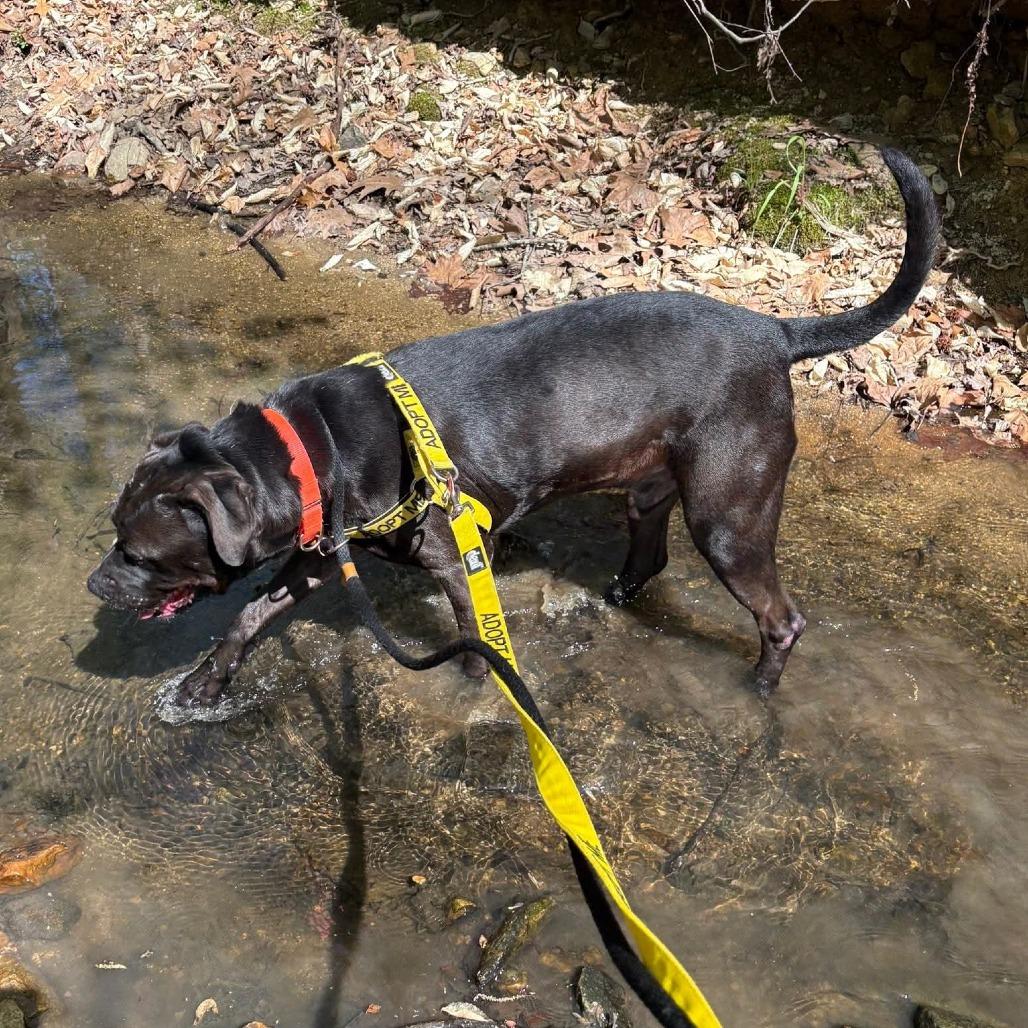 Enlarge Flinn, a Adoptable mixed breed in Greensboro, NC image 1/5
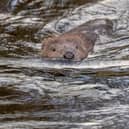 Plans to release beavers into Loch Beinn a Mheadhoin in Glen Affric have been delayed due to fears about their impact on the environment.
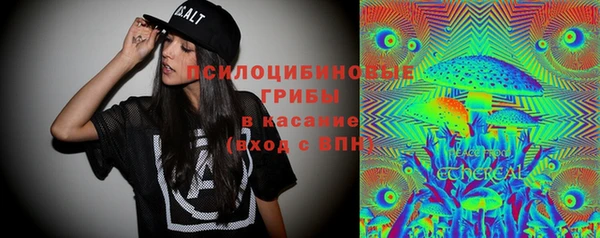 прущие крисы Костерёво
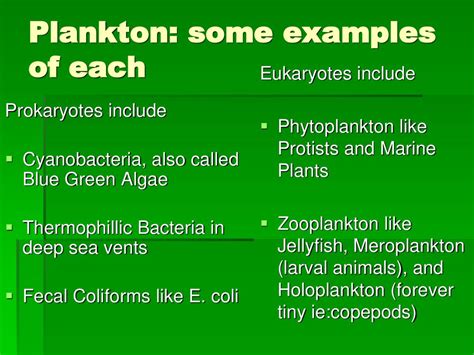 Plankton. - ppt download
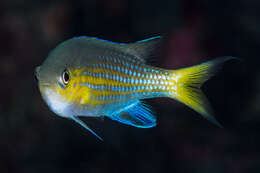 Image of Blacktail chromis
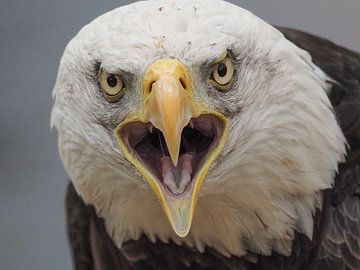 American bald eagle. ( Duke ) by Loek Lobel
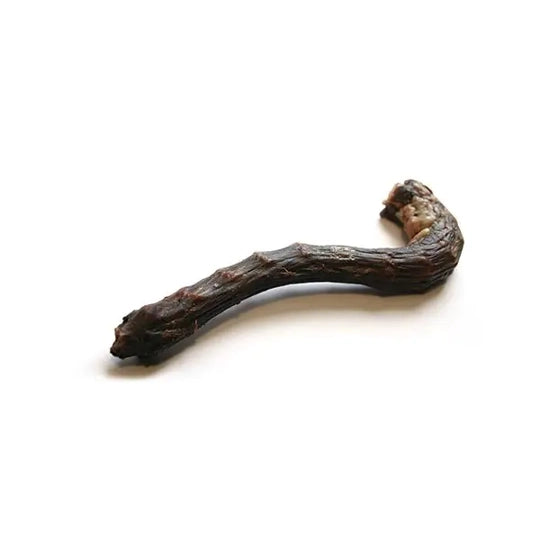cou d&#39;oie pour chien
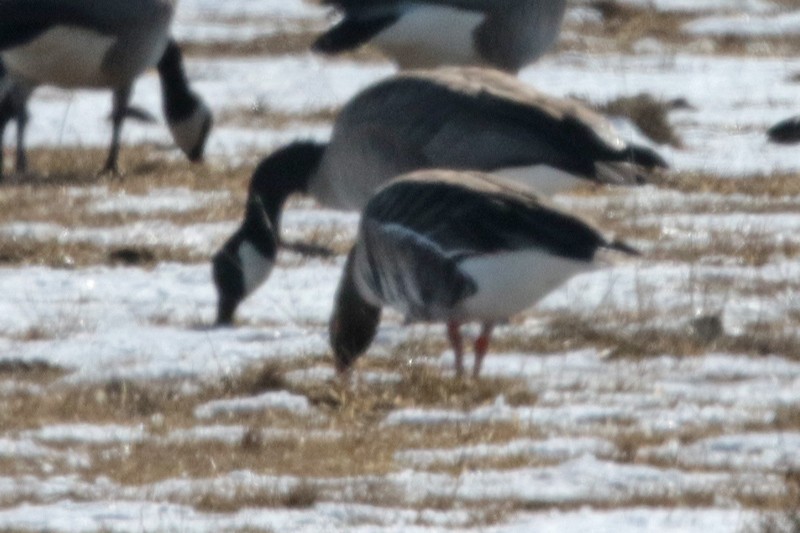 Greater White-fronted Goose - ML200439741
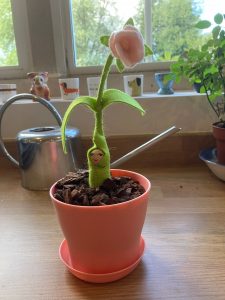 Potted Peg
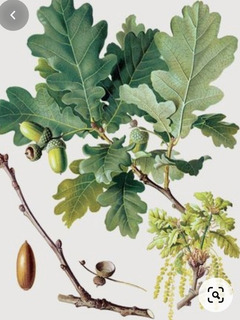 40 x Quercus cerris bellotas semillas zerreiche arrastrándola roble semillas rara vez plantación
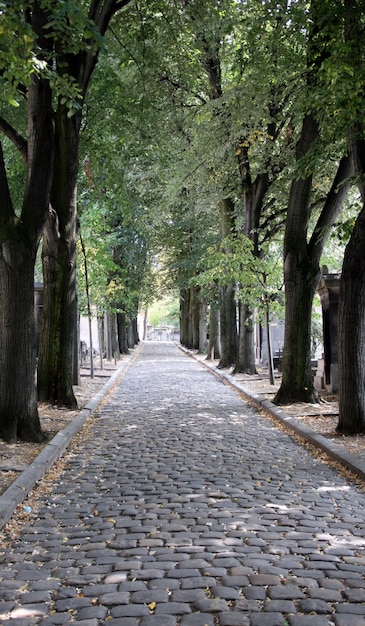 Wandelpad tussen de bomen in de stad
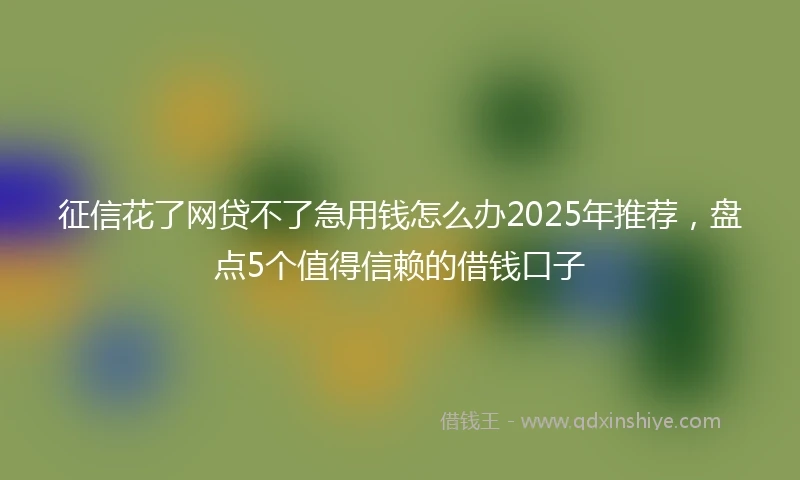 征信花了网贷不了急用钱怎么办2025年推荐，盘点5个值得信赖的借钱口子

■ Work required ■
Output the records exactly. Drop the images.

■ Solution to this exercise ■
 Enlarge Flinn, a Adoptable mixed breed in Greensboro, NC image 1/5
 Plans to release beavers into Loch Beinn a Mheadhoin in Glen Affric have been delayed due to fears about their impact on the environment.
 прущие крисы Костерёво
 Plankton. - ppt download
 Image of Blacktail chromis
 American bald eagle. ( Duke ) by Loek Lobel
cou d&#39;oie pour chien
 Greater White-fronted Goose - ML200439741
 Potted Peg
 40 x Quercus cerris bellotas semillas zerreiche arrastrándola roble semillas rara vez plantación
 Wandelpad tussen de bomen in de stad
 征信花了网贷不了急用钱怎么办2025年推荐，盘点5个值得信赖的借钱口子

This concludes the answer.